FLI students provide input on future of White Plaza

May 10, 2019, 12:00 a.m.

On Wednesday night, Vice President for Campus Engagement Matthew Tiews led a town-hall brainstorming session to hear from first-generation and/or low-income (FLI) students about the ongoing Town Center Project. An offshoot of the University’s Long-Range Planning efforts, the project aims to reimagine the space around White Plaza as a thriving hub of campus social life.

The Wednesday brainstorming session followed a previous town hall in late April that was open to the entire Stanford community, but this time, it focused on the FLI community — one of the stakeholder groups that the Town Center Project design team aims to solicit feedback from.

Tiews, who is leading the Project, noted that the White Plaza region has the potential to become a more active social hub for students.

“The [Main] Quad is kind of the academic center of the campus,” he said. “This region should be the social center of it. The University senses that it’s underperforming right now.”

“Our first six months is just about defining the program,” he later added. “It’s about what we want to do in this area. What would be most exciting for the community? What would help achieve our goals?”

Tiews later framed the brainstorming session around four “buckets”: food and culture, group spaces, exchange of ideas and retail, services and support. He explained that with regard to the exchange of ideas, the University hopes the new town center will facilitate engagement with the intellectual work that faculty, students and community members work on.

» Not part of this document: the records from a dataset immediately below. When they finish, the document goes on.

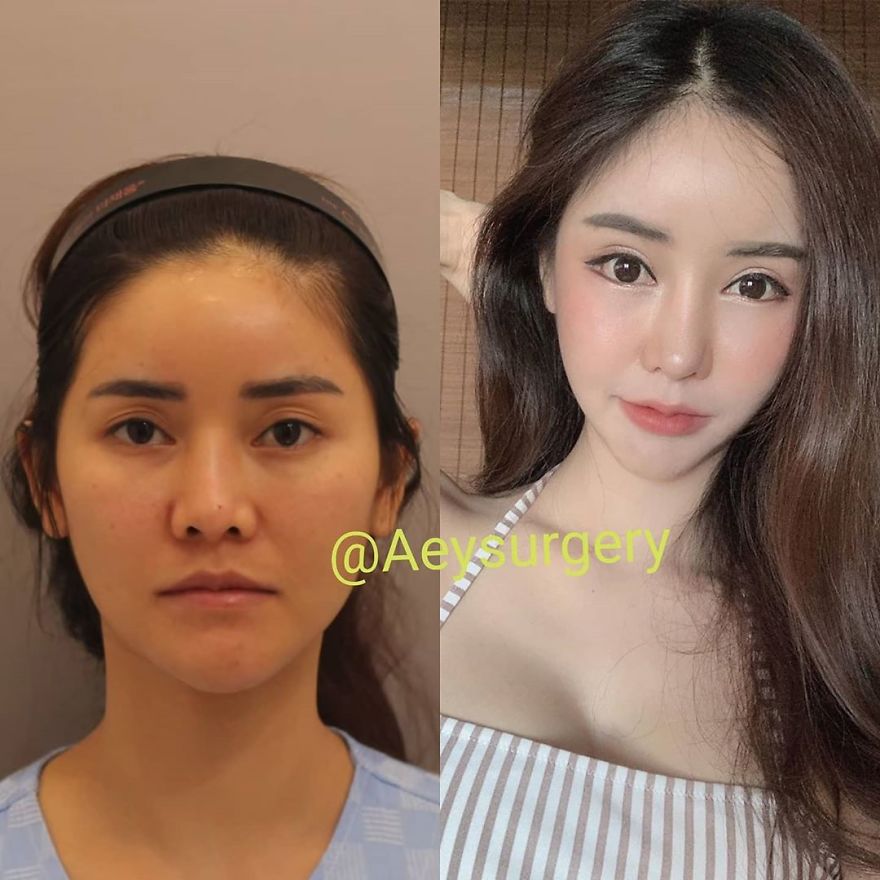 Koreans Are Impressing The Internet With Their Faces After Plastic Surgery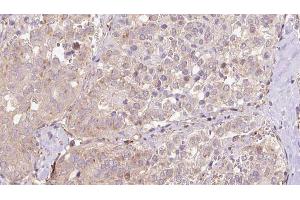ABIN6273319 at 1/100 staining Human thyroid cancer tissue by IHC-P.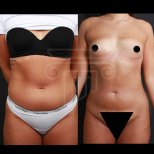 360 liposuction before and after results at Dr. Safa Manav Clinic, visible body contouring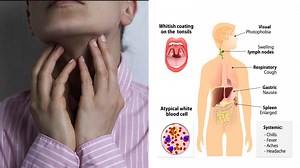 15 Red Flags That Reveal Mononucleosis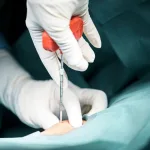 Cáncer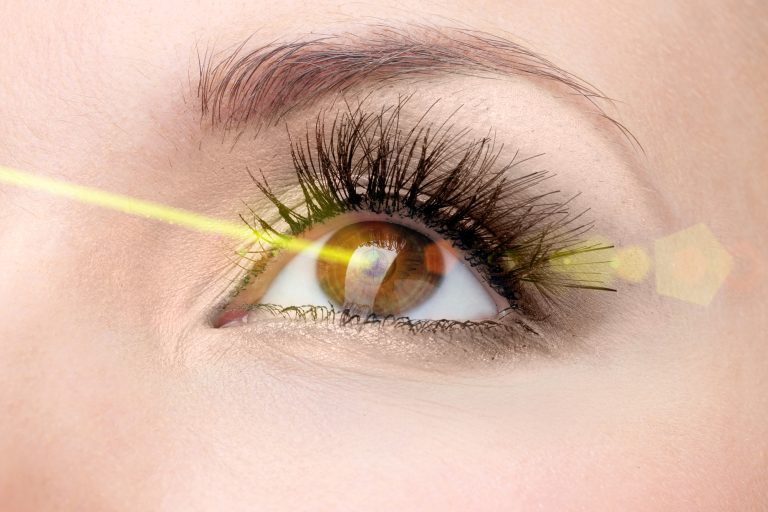 Laser vision correction. Woman's  eye.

Students then gave recommendations for each bucket. Regarding the exchange of ideas, some suggested that having a speaker series of engaging professors might be an effective way to engage with the space. With respect to where exactly those professors would speak, some suggested the White Plaza stage.

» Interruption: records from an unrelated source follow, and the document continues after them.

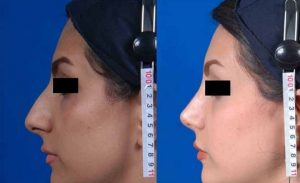 عملية تجميل الأنف في ايران
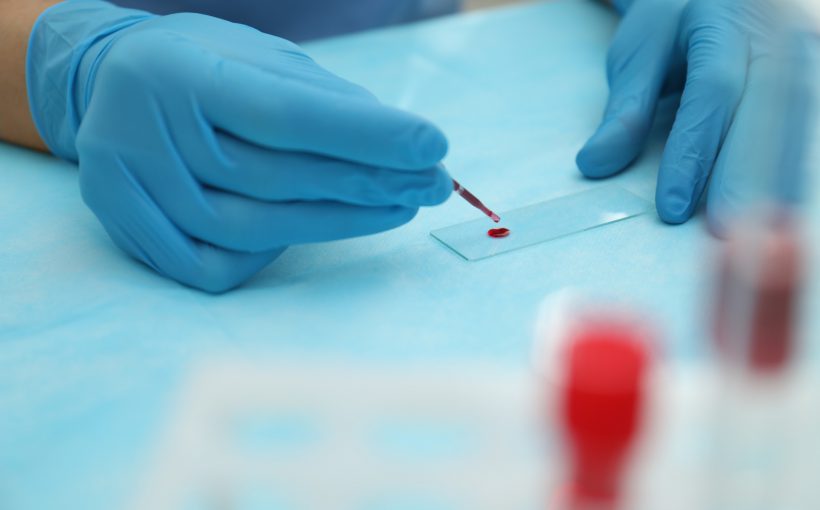 Lekarz rozpoczyna analizę próbki krwi pacjenta. Źródło: 123rf.com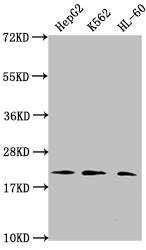 Western Blot  | Positive WB detected in: HepG2 whole cell lysate, K562 whole cell lysate, HL60 whole cell lysate  | All lanes: HIST1H1C antibody at 1:2000  | Secondary  | Goat polyclonal to rabbit IgG at 1/40000 dilution  | Predicted band size: 22 kDa  | Observed band size: 22 kDaRabbit anti-Human HIST1H1C Polyclonal Antibody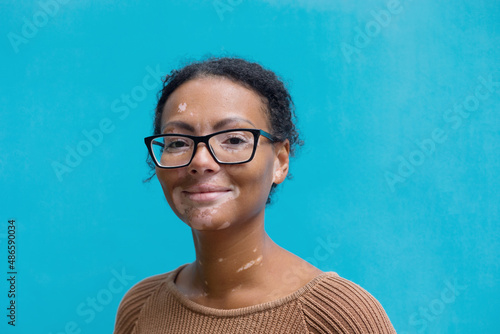 beautiful girl with vitiligo on her face
 photo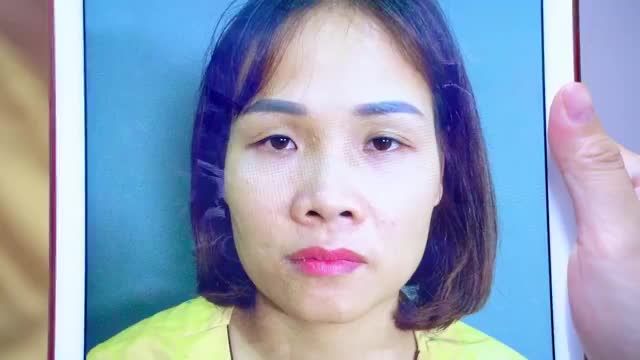 Niêm vui khi sở hữu đôi mắt 2 mí rõ nét sau hơn 30 năm sống chung cùng đôi mắt lệch to nhỏ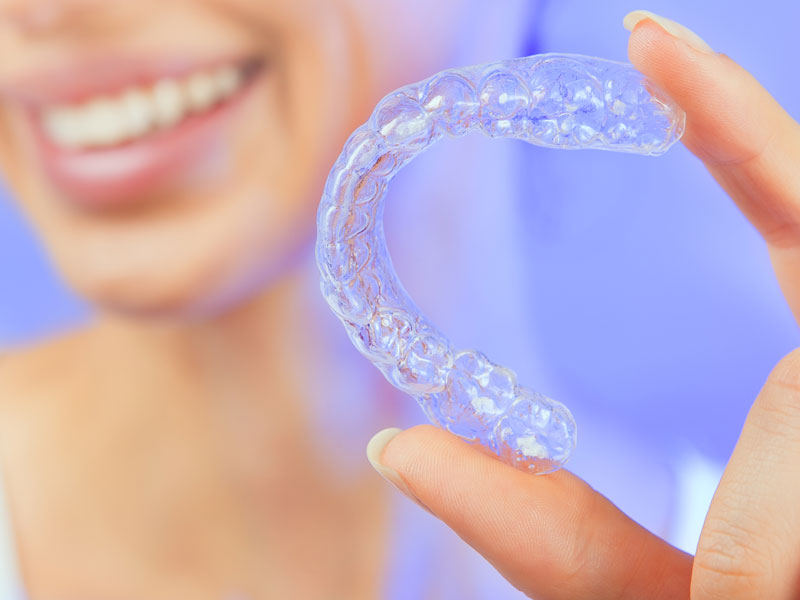 Krystal Klear Aligners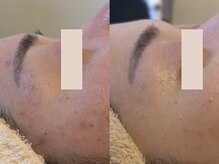 2ヶ月変化◎繰り返すニキビ、赤み。変化に繋げます。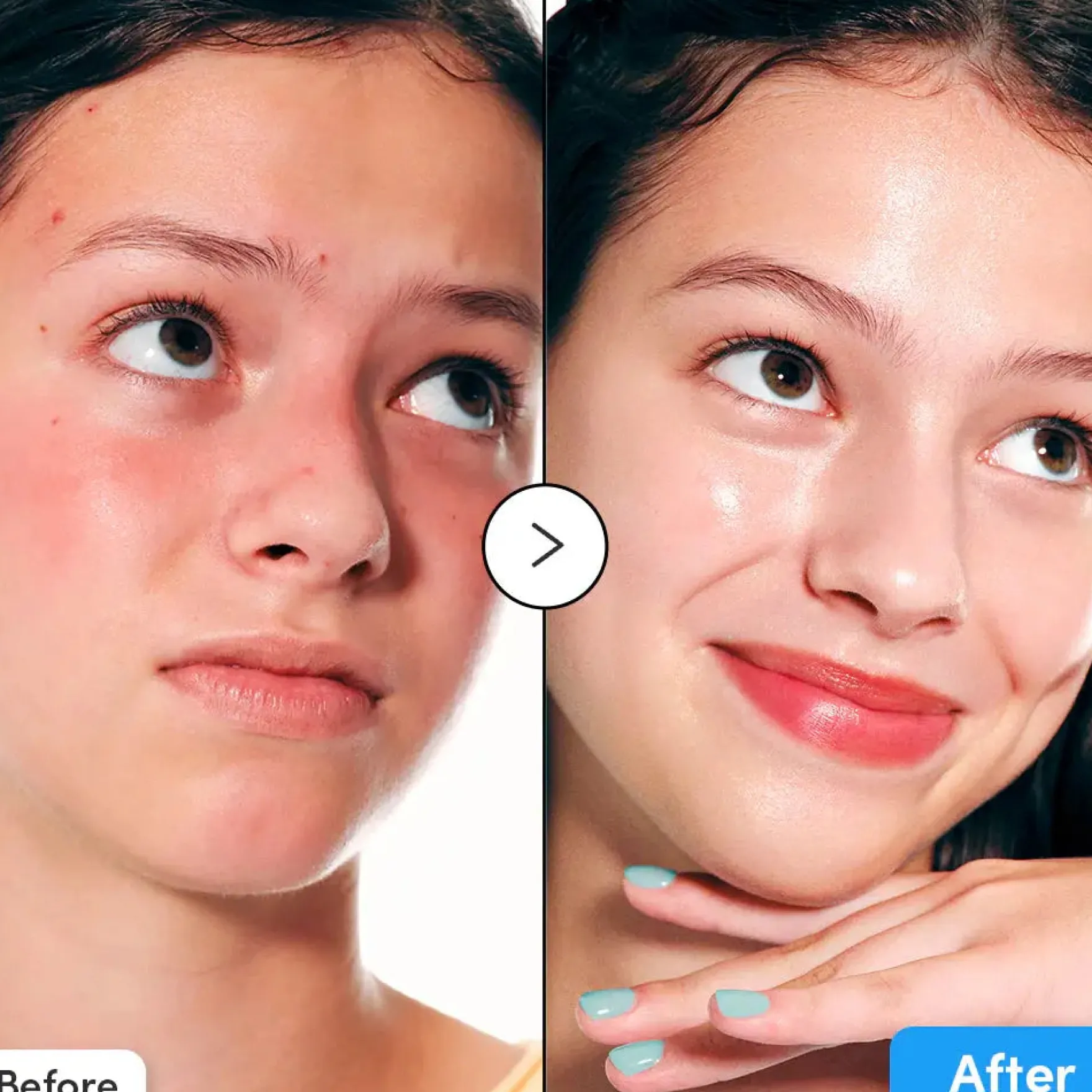 Hyaltoin Flooding Serum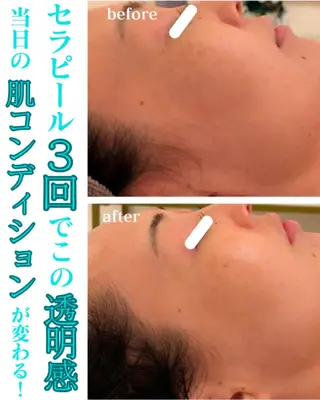 たるみ・ くすみ シミ・ニキビ肌改善のエステ・リラクイメージ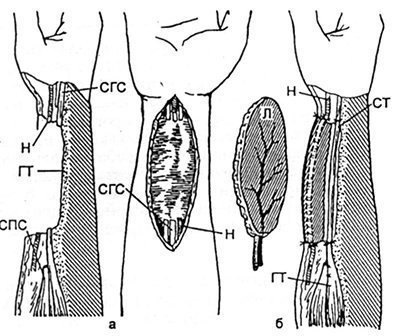Restaurarea tendoanelor flexor cu degetul i pe antebraț în condiții nefavorabile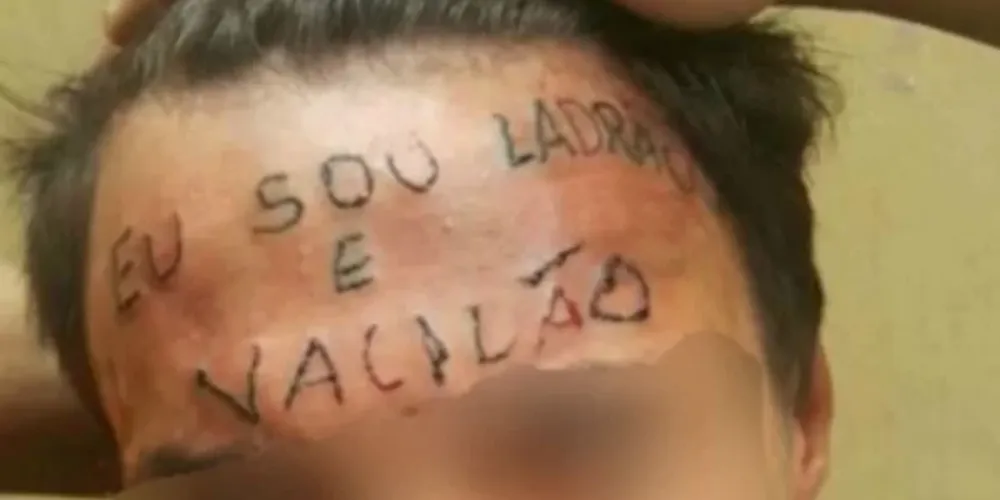 Jovem teve a testa tatuada por dois homens, em 2017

“We could somehow incentive [or] give students’ org[anization]s a space to organize their events and be a neutral space,” recommended ASSU Senator Josh Pe ’22. “We don’t want a certain group to be dominating the space.”

Tiews also noted that the University is looking at how they can best provide space to bring people together, including for events, group activities, meetings, co-working and project-based learning.

When asked for his big-picture vision of what the space could look like, Isaac Garcia ’22 — a Frosh Council representative — drew on his experiences living in Fort Worth, Texas.

“I would model it exactly like Sundance Square, Fort Worth, because there are big umbrellas and a stage,” Garcia said, referencing the pedestrian-friendly shopping and leisure area in the Texas city’s downtown area.

Ayush Pandit ’22, meanwhile, emphasized a need to expand affordable shopping on campus.

“I feel like there’s still a pretty strong need for basic general supplies — like things you pick up at a Walmart or things like that — on campus, that is explicitly targeted towards students,” Pandit said.

As the hour-long session wrapped up, Tiew emphasized that “there are opportunities to submit further comments through [the Stanford Town Center] website.”

Contact Richard Coca at richcoca ‘at’ stanford.edu.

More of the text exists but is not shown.